What I would like to suggest, however, is that we do not limit the work of social science to the investigation of average treatment effects. Those interested in pushing randomized controlled trials as the only acceptable methodology appear less concerned on this point. A positive mean effect can result from a consistent positive treatment effect across all individuals or a bimodal treatment effect with a larger share of individuals being effected in one direction than in the other (for a ludicrously outsized example, see the Pax in Serenity).
Politics is a complicated domain (as Einstein said) with creative and independent thinking actors that can change over time and respond to similar stimuli in wildly different directions.
The singular focus on means can cause us to ignore the variety of responses inside of the distribution from which the mean emerges.

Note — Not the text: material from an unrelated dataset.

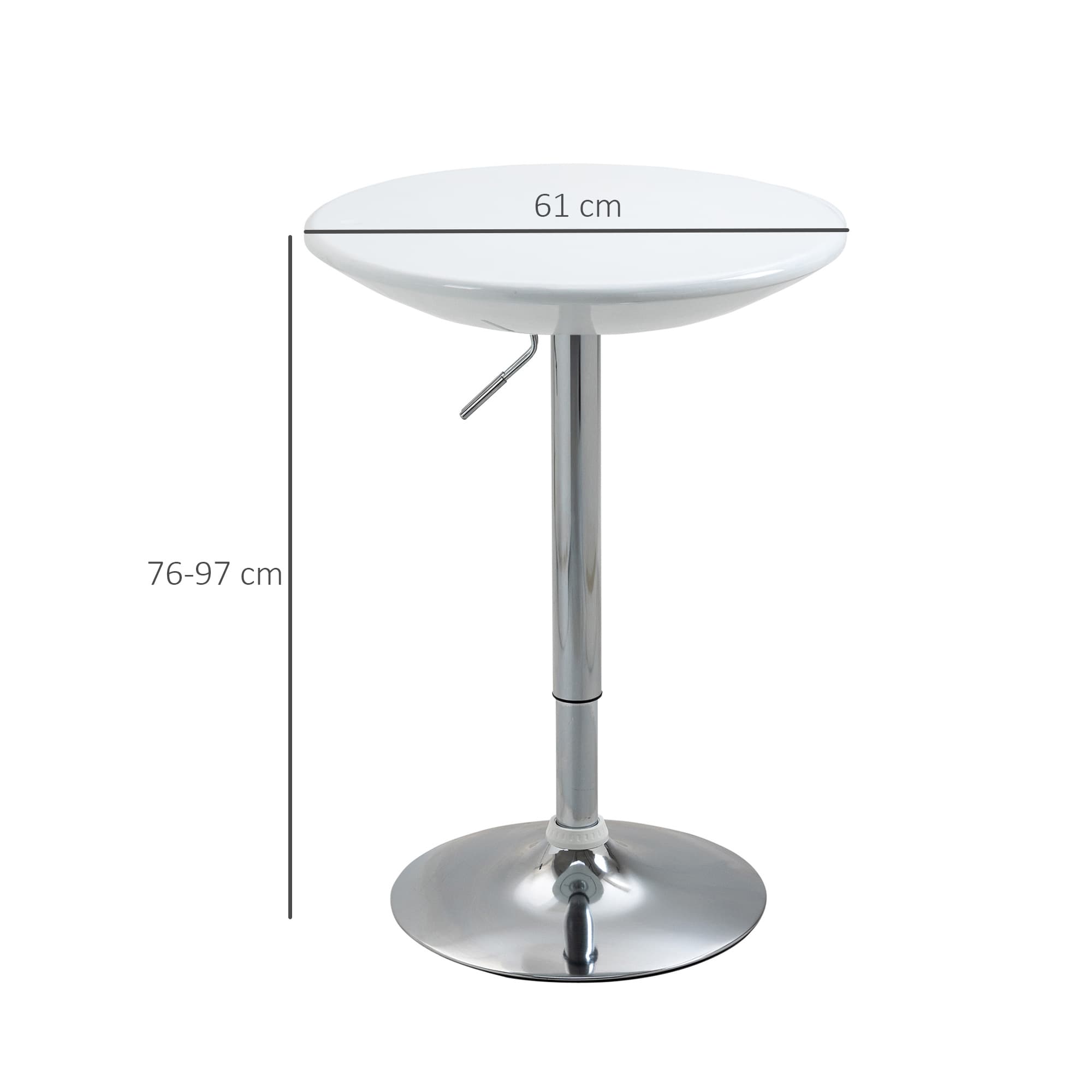 Transform Your Space with this Adjustable White Bar Table - image 4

For example, Dean Baker has a great post on his Beat the Press blog about the reality of a very low–but positive–inflation rate.
Expressing concern over deflation (i.e. the inflation rate turning negative) is the way in which people tell you that they have no clue about economics and just repeat what they heard others say. The inflation indexes we use are an aggregation of millions of different price changes. There is a substantial amount of dispersion around the overall inflation number. This means that when the inflation rate is near zero, there are many goods and services whose prices are already falling.

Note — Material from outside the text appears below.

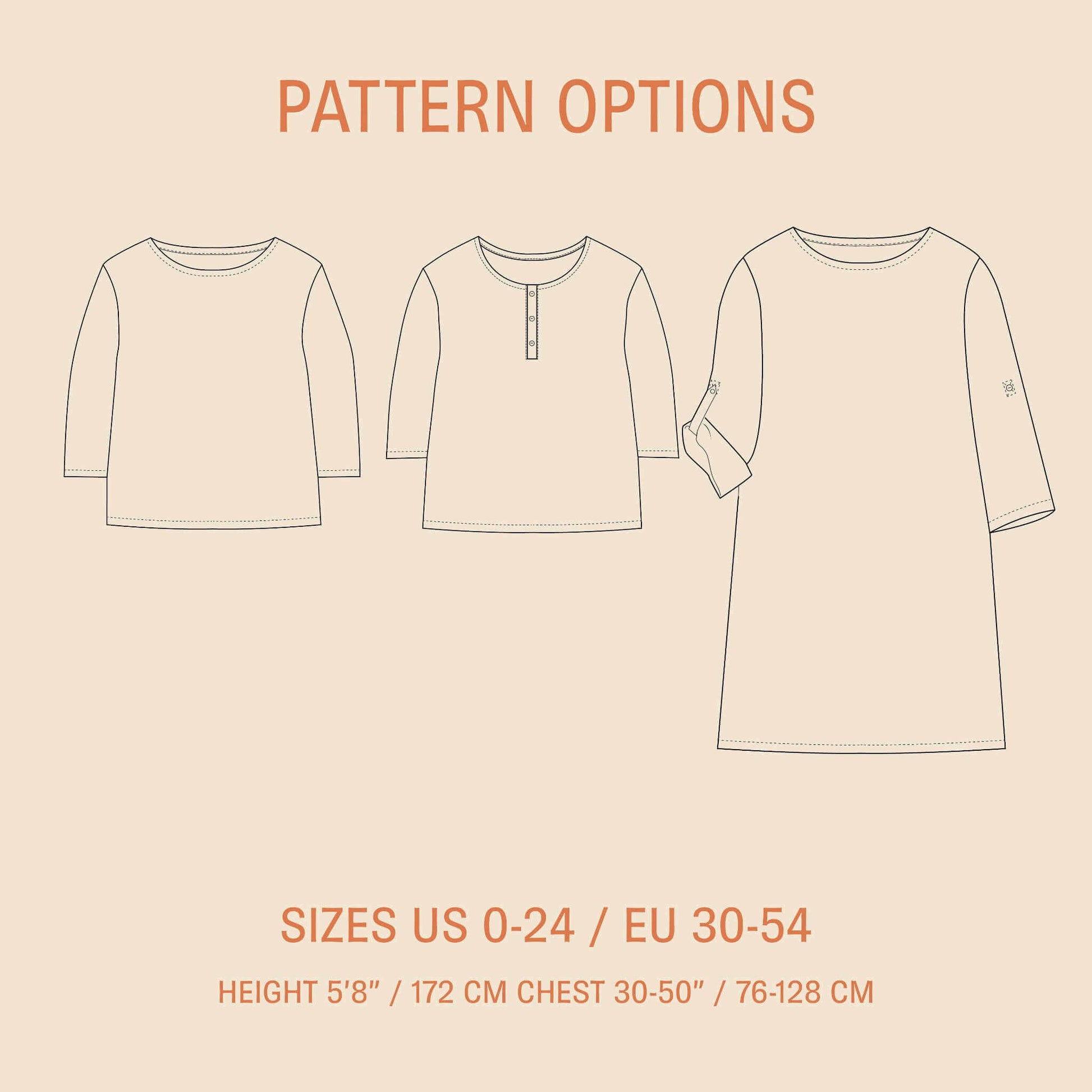 Double Gauze T-shirt Sewing Pattern PDF DOWNLOAD - homesewn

The almost total focus on the mean number ignores that in order to produce a number so close to zero implies a broad set of goods where deflation is already in progress. If deflation is terrifying, then a very low overall inflation rate implies not that deflation is not occurring but that the share of the economy in deflation is relatively large.
Focusing solely on the meaning of the mean effect can lead us astray when the real story is elsewhere.